Demek oluyor ki, yakında eski Yugoslavya coğrafyasında, Polonya’da, Romanya’da, Ukrayna’da da adımlar atacaklardır.
Çin’e karşı girişilen hamleler, Rusya’ya karşı hamleler ile beslenmektedir. ABD, bu konularda kendisine yakınlık göstermekte tereddüt eden eski Avrupalı müttefiklerini, Rusya ve Çin’e karşı hamleler yapmaya “ikna” etmek istemektedir. Bu nedenle, Yunanistan-Türkiye gerginliği artırılmaktadır. Bu sayede Akdeniz’in her alanı, savaş bulutları ile doldurulmaktadır.
Acaba bu planlar nerede duracaktır?
Bunu söylemek mümkün değildir. Zira ABD hegemonyası çözülmektedir, ama ABD’nin bunu “bir yeni durum” olarak kabul edip, evinde oturmaya çekileceği söylenebilir mi? Bu olmayacaktır.
Geçen haftalarda ABD, İran’a karşı yeni yaptırımlar devreye sokmaya kalktığında, İngiltere, Almanya ve Fransa’nın bu yaptırımları kabul etmeyeceklerini açıklamaları boşuna değildir.
Öyle anlaşılıyor, ABD, İran’a karşı saldırılardan da geri çekilmeyecektir. Belki, Süleymani suikasti gibi suikastleri devreye sokmaları, bunu tüm bölgeye yaymaları da mümkündür. Ama bugün görünen, Akdeniz’in Ege’ye, Ege’nin Karadeniz’e bağlanmak istendiğidir.
Türkiye ile Yunanistan’ın bir savaşa tutuşması zayıf bir ihtimaldir. ABD, bu gerilimi artırarak, belki de bölgeye yerleşmek için yeni fırsatlar peşindedir. Bunu bilemiyoruz. Ama bu gerilimin ABD’ye çok fırsatlar sunacağı da açıktır.
Türk gemisinin silah taşırken Libya açıklarından çevrilmesi süreci, Fransa’yı Akdeniz sürecine daha aktif tarzda devreye sokmuştur. ABD, bu kez Libya’ya BAE gemileri ile silah taşımaya çalışmaktadır. Bir gemi, Alman güçlerinde durdurulmuş ve limana çekilmiştir. ABD’nin bu işte ısrar edeceği açıktır. Avrupa’nın bu konuda ne kadar dirençli olacağı ise önümüzdeki dönemde belli olacaktır.

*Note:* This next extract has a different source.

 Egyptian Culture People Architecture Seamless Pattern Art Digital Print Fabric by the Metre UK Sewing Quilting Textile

Ama Akdeniz’de savaş bulutlarının yoğunlaşmasının, ABD’nin Rusya ve Çin’e karşı planlarına AB’den destek alması için bir hamle olduğu da açıktır.
Saray Rejimi, ise tüm varlığını savaş ve gerilim politikalarına bağlamıştır. Savaş politikaları, aynı zamanda, içeride milliyetçi, ırkçı saldırıların artması için de bir fırsata dönüştürülmek istenmektedir.

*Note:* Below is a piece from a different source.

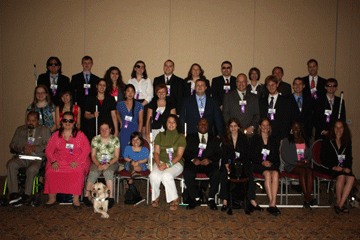 The 2011 Scholarship Winners (left to right): Back Row: Daniel Martinez, Henry Wedler, Ma'ayan Malter, Mary Billington, Kyle Shachmut, Sandy Sommers, Yasen Angelov, Kathleen Katulak, Ryan McBee, and Brenton Fuchs; Middle Row: Aleeha Dudley, Catherine Lei, Shafeka Hashash, Kristina Vu, Heather Edwards, Matthew Yeater, Roberto Diaz, David Bouchard, Terence Meehan, and Justin Salisbury; Front Row: Christopher Fountain, Diane Graves, Julie McGinnity, Mikaela Stevens, Michelle Hackman, Carry Joanis, Sylvia Modesitt, Christine Daniels, Amber Sherrard, and Jessica Beecham.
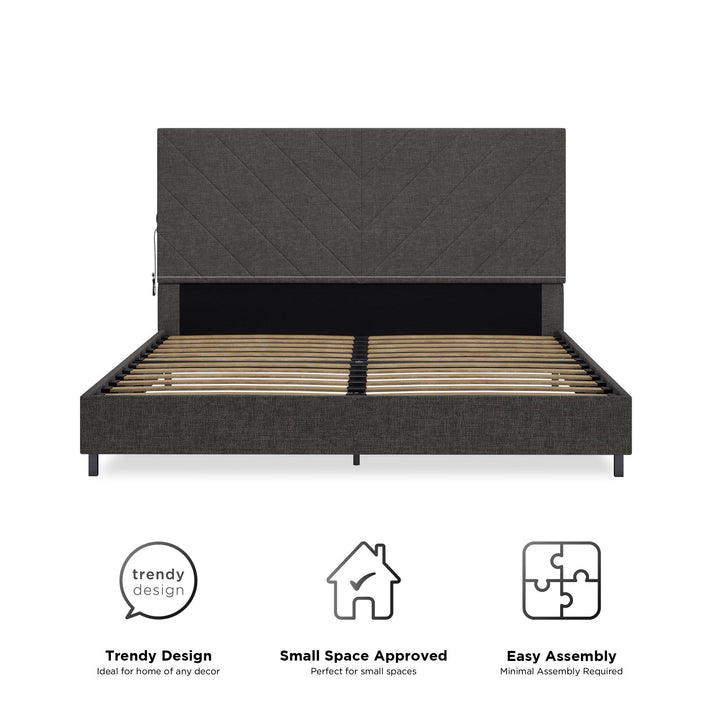 Paxson Upholstered Bed with USB Port and Wood Slats - Gray - Queen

Osmanlı’nın son dönemlerinde, İslamcılık ve ardından Türkçülük ile Rum ve Ermenilere karşı girişilen katliamlar hatırlanmalıdır. Bugün, savaş politikaları ile Ayasofya’nın camileştirilmesi adımları arasında bir bağ kurmak mümkündür.
TC devleti, her zaman savaş politikaları ile, içeride katliamları birbirine bağlı ele almıştır. Bu konuda geniş bilgi için, Kaldıraç’ın Eylül 2020 tarihli 230. sayısında, Sibel Özbudun-Temel Demirel’in son derece toparlayıcı, “Rumlara dair tarih (b)ilgisi” isimli çalışmasına bakılabilir.
Tarihleri katliamlarla doludur. Kürtlere karşı yürüttükleri savaş, bugün, bunun örnekleri ile doludur.
Tüm bunlara son vermenin tek yolu, işçi ve emekçilerin örgütlenmesidir. Örgütlü bir güç olmadan, cesaretle mücadele etmeden, bu katliam politikalarına, savaşa, bölgemizdeki emperyalist varlığa son vermek mümkün değildir. İşçi ve emekçiler, emperyalist güçlerin çıkarları için, bu güçlerin bölgemizdeki ortakları olan devletlerin çıkarları için bir savaşta yer almamalıdır. Bunu açık olarak reddetmelidir. İşçi ve emekçiler, kadınlar ve gençler, burjuva egemenliğin her biçimine karşı mücadele etmek üzere, Birleşik Emek Cephesi’nin örülmesine katılmalıdır.